Sorry you have to censor yourself now....but wise to learn from someone else's situation and not have to repeat it yourself. Sorry to your Bestie for the ugly situation that befell her. Glad to hear she has landed solidly on both feet! And I think many of us have learned something through this discussion.
Elisa
Hmm.
No advice here, but it *is* my worst nightmare. I've gone to great lengths to hide my blogging life from my professional life because you just never know. And I think that's sad. Sad, but true.
(Thank you for your comments tonight, you made me very, very happy.) :)
It's obvious from the comments that this is an issue that requires some thought. I was unlucky - and worked in a highly politicised environment which made the negative consequences of a minor indiscretion rather more serious than anyone would have expected. But it just goes to show that you can't be too careful. Good intentions don't make you safe ... and you never really know who's watching.

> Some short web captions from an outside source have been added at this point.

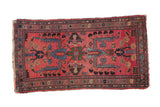 Vintage Persian Mehreban runner: raspberry field, central palmettes, tree-of-life motifs, multi-color borders.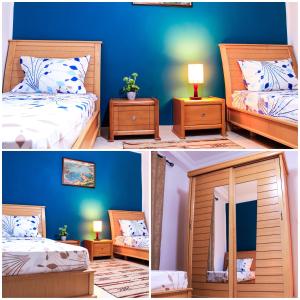 two pictures of a bedroom with a bed and a mirror at Villa Island Zembra in El Haouaria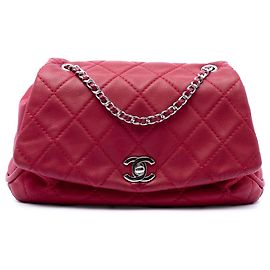 Chanel Red Quilted Calfskin CC Curvy Flap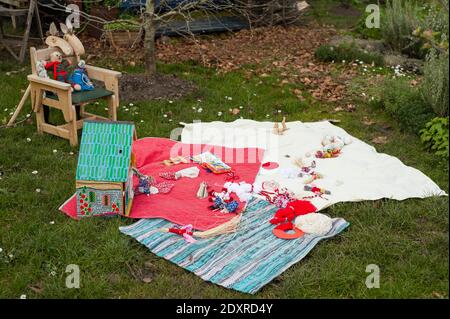 Ein Vorgeschmack auf die Dinge zu kommen, Ukraine Zuteilung Themenschau Garten im RHS Cardiff in 2014 Stockfoto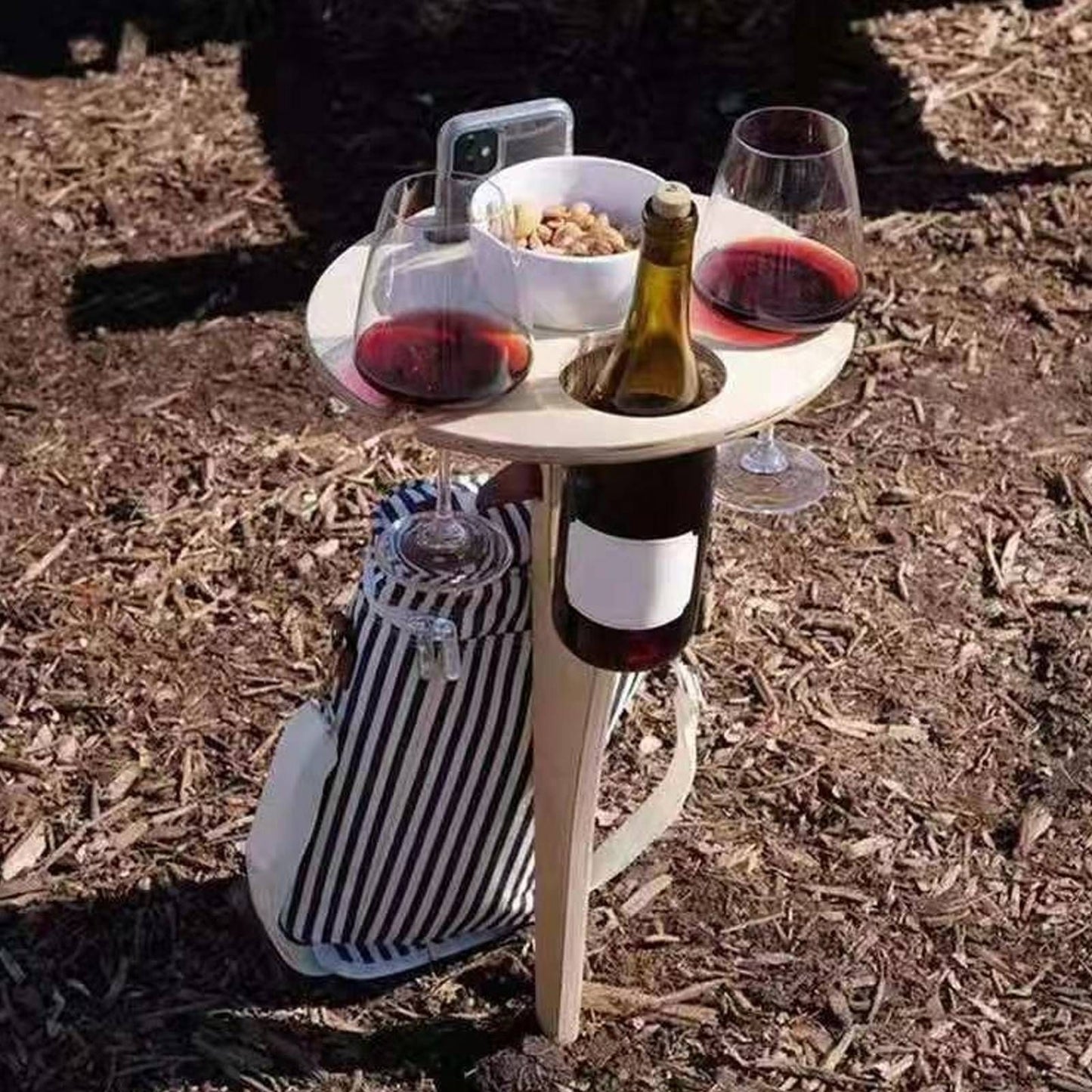 Wine Table Environmental Friendly Wooden Products Round Shape Collapsible Outdoor Wine Table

It's a shame that the experience has put me off blogging (understandably!) but rest assured that I will not give up writing altogether. I'm saving it all up for a book ... when I retire!
You do a great job at keeping your stuff anonymous, but I have wondered what would happen if one of your students or their parent happened upon your blog and saw your picture there. I think, because you do share stories of your students, I would probably take down the picture in the sidebar. Even though you never share names or anything, people can be VERY touchy about their kids.
I sometimes wish I had kept things a little more anonymous as well. I've found out someone did a background check on me recently, and have also had some people looking up specific photos of my son repeatedly. It's a little creepy and makes me kind of want to give up blogging altogether.
I'm guessing you decided to keep the picture up and write less about work? That's hard. I don't work but I do write about my family for my family. I probably wouldn't write much about the extended family's affairs knowing that they might be reading. I'm guessing that might be about the same thing. I have to right to write about my own but discretion would exercised if I go beyond that.